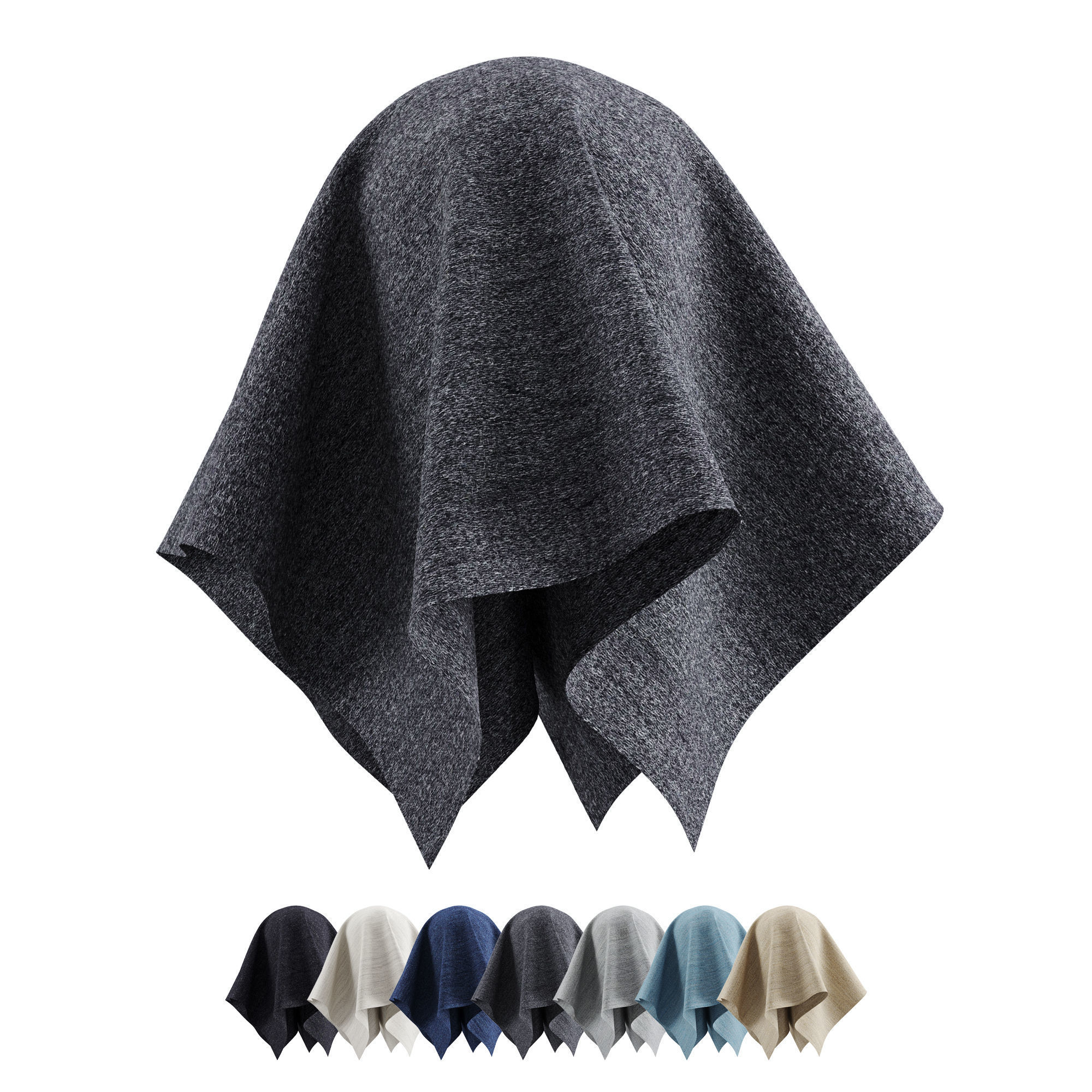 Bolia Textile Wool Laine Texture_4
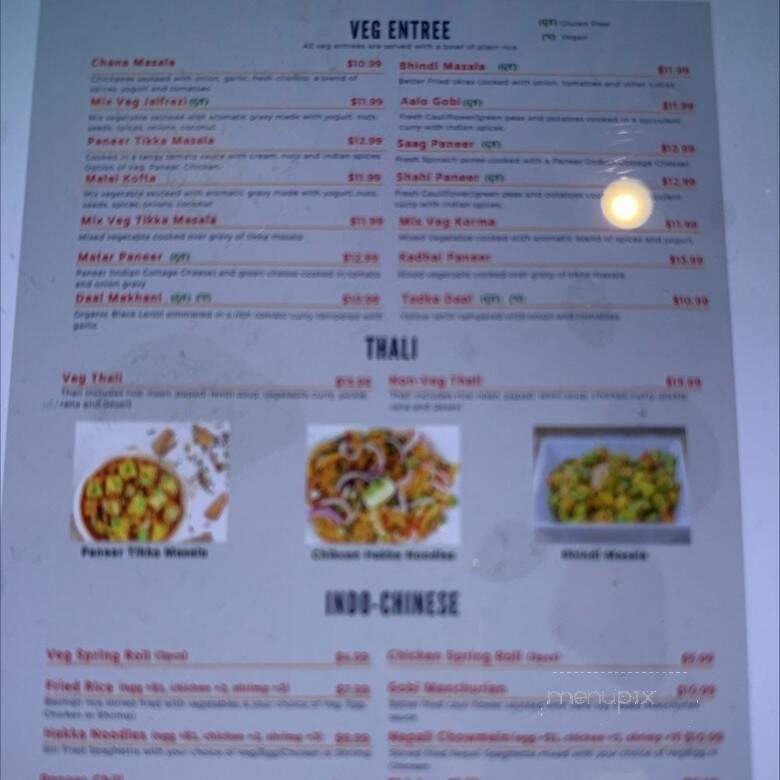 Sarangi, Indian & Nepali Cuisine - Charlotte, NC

==

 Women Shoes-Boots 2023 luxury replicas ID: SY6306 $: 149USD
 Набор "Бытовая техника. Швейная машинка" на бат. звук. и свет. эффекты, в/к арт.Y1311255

### YOUR INSTRUCTIONS
In the listing above, find the line with "Bolia Textile Wool Laine Texture_4" and the line with "Sarangi, Indian &". Copy exactly those two and every line between, without the pictures.

### EXPECTED ANSWER
 Bolia Textile Wool Laine Texture_4
 Sarangi, Indian & Nepali Cuisine - Charlotte, NC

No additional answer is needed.